BLIND in her tears, Ismene passed trees without going in any particular direction. Even as she ran, she felt the endless and rolling pit within her heart deepen with every sob that slipped passed her lips. Behind her, Fenrir loped loyally after her, fast enough to keep up. His golden eyes watched her with a sense of sadness as if he were a person who understood.

The darkest news reached the northern forces, changing the course of the war indefinitely. Her father was executed under the order of the bastard King Joffrey, something the girl could have seen coming but never did. With such a swift and defining execution, the time left if war was almost impossible to measure. Sansa had informed them in the hastily written letter that had been received from Kingslanding that sounded more like the queen's words than Ismene's soft spoken sister.

She was utterly heartbroken, as expected, knowing she would never see her father again nor would her sons ever meet their grandfather. Over and over again, she was reminded that she would never embrace him again, breath in his earthy and calming musk that Darik had inherited, nor hear his hearty laugh. That was all gone, whisked away into oblivion at the command of a boy king who had no business running a country. Because of Joffrey, Ismene would never see her father again; for that, she would eternally despise the Lannisters. 

Just as she saw Darik, she was already running into his arms. One of the few places she truly felt safe was in her twins arms, yet it didn't feel the same. She could tell how feeble he was, having experienced his own bout of sobbing just before Ismene had run off into the forest. As she gripped to him with such disparity, Ismene realized that her family would never live forever as her naive mind could have never imagined a world without them.

The two stood together until their sobs quieted and their tears dried as stains on their now cold cheeks. Her head lied on his chest, eyes staring off as his face was buried in her dark hair. They sank to the ground, their hands gripping each others as they faced the reality of their fathers death. For a long time, they sat there together, not soul daring to bother them.

"I'll kill them all ," Darik utters, his voice shaky with anger and pain as he gripped her hand tighter. "Every one of them. I will kill them all and I will get our sisters back, I will put this family back together no matter what it takes." He draws in a shaky breath as their eyes meet, grey into brown. "I promise you, Ismene, our family will be whole again."

In the distance, Fenrir and Luna sat side by side, letting out a chorus of mournful sobs.

THE war council was called that evening, where Ismene and Lukas sat together. Word of the victory at Riverrun had spread to the fugitive lords of the Trident, drawing them back. Karyl Vance came in, a lord now, his father dead beneath the Golden Tooth. Ser Marq Piper was with him, and they brought a Darry, Ser Raymun's son, a lad no older than Ismene's brother Bran. Lord Jonos Bracken arrived from the ruins of Stone Hedge, glowering and blustering.

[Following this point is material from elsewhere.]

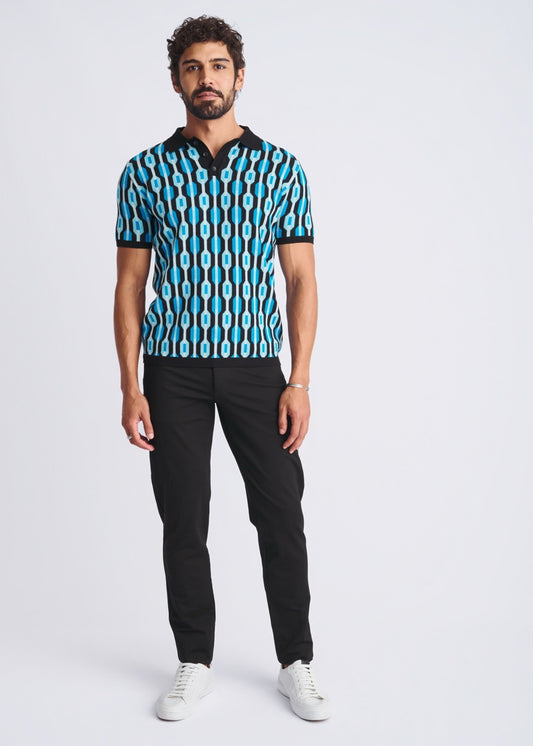 Ocean Jacquard Polo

The northern lords sat opposite of the Starks. They were fewer. The Greatjon sat with Theon Greyjoy. Galbart Glover and Lady Mormont were to the right of Catelyn. Lord Rickard Karstark, gaunt and hollow-eyed in his grief, took his seat like a man in a nightmare, his long beard uncombed and unwashed. He had left two sons dead in the Whispering Wood, and there was no word of the third, his eldest, who had led the Karstark spears against Tywin Lannister on the Green Fork.

The arguing raged on late into the night, lord's fighting over what was best after such a tragic hit had been taken on the north. Each lord had a right to speak, and speak they did...and shout, and curse, and reason, and cajole, and jest, and bargain, and slam their fists, and threaten. Amid it all, Ismene wished she could stand on the table and scream at them all for acting like such blubbering idiots while they were needing to act against such a critical hit.

Roose Bolton had re-formed the battered remnants of their other host at the mouth of the causeway. Ser Helman Tallhart and Walder Frey still held the Twins. Lord Tywin's army had crossed the Trident, and was making for Harrenhal. And there were two kings in the realm. Two kings, and no agreement.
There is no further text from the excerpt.